Higher Brothers, les têtes de cordée

Depuis quelque temps, le rap chinois a trouvé ses ambassadeurs. Ils sont trois, leurs sons sont modernes, et ils se nomment Higher Brothers. L’été dernier, ils parvenaient à faire parler d’eux avec une série de titres, dont “Black Cab” et “Made In China”, et ce en grande partie grâce à leur label, 88 Rising, qui leur a permis de traverser le Pacifique jusqu’aux USA. Mais c’est surtout grâce à la collaboration avec la re-sta du rap sud-coréen Keith Ape sur “WeChat” que les choses ont vraiment pris de l’ampleur (et ce clip, nom d’un chien…).

En regardant certaines de leurs vidéos, on hésite entre rire des poses chelou et des dégaines, ou s’incliner devant le fait de réussir à péter les scores en venant d’un pays si peu enclin à promouvoir le rap de sa jeunesse. Finalement, les deux ne sont pas inconciliables, et il faut reconnaître aux Higher Bothers un talent plus que certain.

Autant le dire tout de suite : on ne comprend pas la moitié du quart de ce qu’ils racontent. Mais ils rappent tout de même une bonne partie de leurs textes dans la langue de Shakespeare. Et puis, avouons-le, ne pas parler anglais n’empêche en rien d’apprécier le rap US. Pareil pour le chinois, donc. Dans leur répertoire, il faut aussi se pencher sur les titres “71” et “Franklin”. Derrière eux, une volée d’artistes. À commencer par PG One et GAI.

Faire face à la censure

Car si le gouvernement chinois ne souhaite pas interdire le rap, comme on a pu le lire un peu partout, il fait cependant peser un climat de censure fidèle à sa réputation sur la musique produite en ses frontières. En 2017, GAI et PG One ont remporté le radio-crochet local The Rap of China, équivalent de The Voice, mais version kickers.
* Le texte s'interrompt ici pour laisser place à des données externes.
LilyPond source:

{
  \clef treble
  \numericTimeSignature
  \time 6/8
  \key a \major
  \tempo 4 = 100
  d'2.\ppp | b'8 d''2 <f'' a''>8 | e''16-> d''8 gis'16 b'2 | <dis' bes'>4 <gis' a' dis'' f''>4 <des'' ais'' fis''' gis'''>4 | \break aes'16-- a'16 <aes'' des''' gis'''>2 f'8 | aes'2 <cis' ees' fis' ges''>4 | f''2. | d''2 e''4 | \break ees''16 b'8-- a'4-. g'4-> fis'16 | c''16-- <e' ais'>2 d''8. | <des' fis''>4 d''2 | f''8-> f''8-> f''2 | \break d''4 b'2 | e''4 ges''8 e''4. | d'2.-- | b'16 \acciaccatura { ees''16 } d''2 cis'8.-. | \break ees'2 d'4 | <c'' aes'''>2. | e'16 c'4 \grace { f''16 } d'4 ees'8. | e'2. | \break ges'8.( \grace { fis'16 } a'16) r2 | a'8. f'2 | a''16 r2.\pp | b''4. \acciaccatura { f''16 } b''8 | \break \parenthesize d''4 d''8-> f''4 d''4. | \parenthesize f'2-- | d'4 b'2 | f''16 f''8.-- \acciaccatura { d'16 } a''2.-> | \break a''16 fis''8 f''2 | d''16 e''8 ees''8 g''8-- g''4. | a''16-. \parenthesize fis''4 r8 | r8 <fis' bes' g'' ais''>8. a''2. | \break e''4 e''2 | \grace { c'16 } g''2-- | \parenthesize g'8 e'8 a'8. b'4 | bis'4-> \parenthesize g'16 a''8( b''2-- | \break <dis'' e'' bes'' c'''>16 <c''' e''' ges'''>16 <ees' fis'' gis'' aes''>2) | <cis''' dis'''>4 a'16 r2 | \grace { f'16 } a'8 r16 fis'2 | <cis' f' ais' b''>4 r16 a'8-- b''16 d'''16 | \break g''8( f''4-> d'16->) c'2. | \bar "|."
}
Les autorités n’ayant finalement que peu goûté leur passage, les deux artistes se sont retrouvés évincés des télévisions, l’émission ayant été jugée non conforme aux valeurs du Parti communiste. Leurs performances télévisées sont tout de même disponibles sur YouTube, ainsi que plusieurs de leurs morceaux (assez stylés), à l’image de celui-ci par PG One.

Mais le rap chinois reste très majoritairement underground, et ce depuis de nombreuses années. Les Higher Brothers ne sont pas les seuls à sortir du lot. Kafe Hu, par exemple, originaire de Chengdu, l’un des épicentres de la scène rap chinoise, parvient à se produire jusqu’à Shanghai, et distille une critique acerbe du gouvernement en place. Difficile de se faire un nom dans ces conditions, mais son album 27 : The Code of Lucifer vaut réellement le détour, notamment pour le titre jazz-rap “Fever in the Desert”.

Du nationalisme chinois aux USA

Depuis quelques années, on trouve aussi des artistes ayant embrassé le style dirty south, à l’image de Big Zoo, ainsi que les instrus plus trap, comme Fat Shady. Ce dernier n’a de cesse de truffer ses textes et beats de référence à Eminem. Cependant, il a récemment été au cœur d’une polémique : son morceau “Gua Laowai” est extrêmement virulent envers les étrangers, qu’il appelle les “stupid foreigners”. Accusé de racisme et de nationalisme exacerbé par certains, il est cependant un des grands noms du rap chinois actuel. Pour le meilleur et pour le pire.

Puisque la scène rap chinoise n’est pas née d’hier, il faut aussi rappeler que certains artistes sont parvenus à se faire un nom aux USA il y a quelque temps, grâce à leur double nationalité sino-américaine.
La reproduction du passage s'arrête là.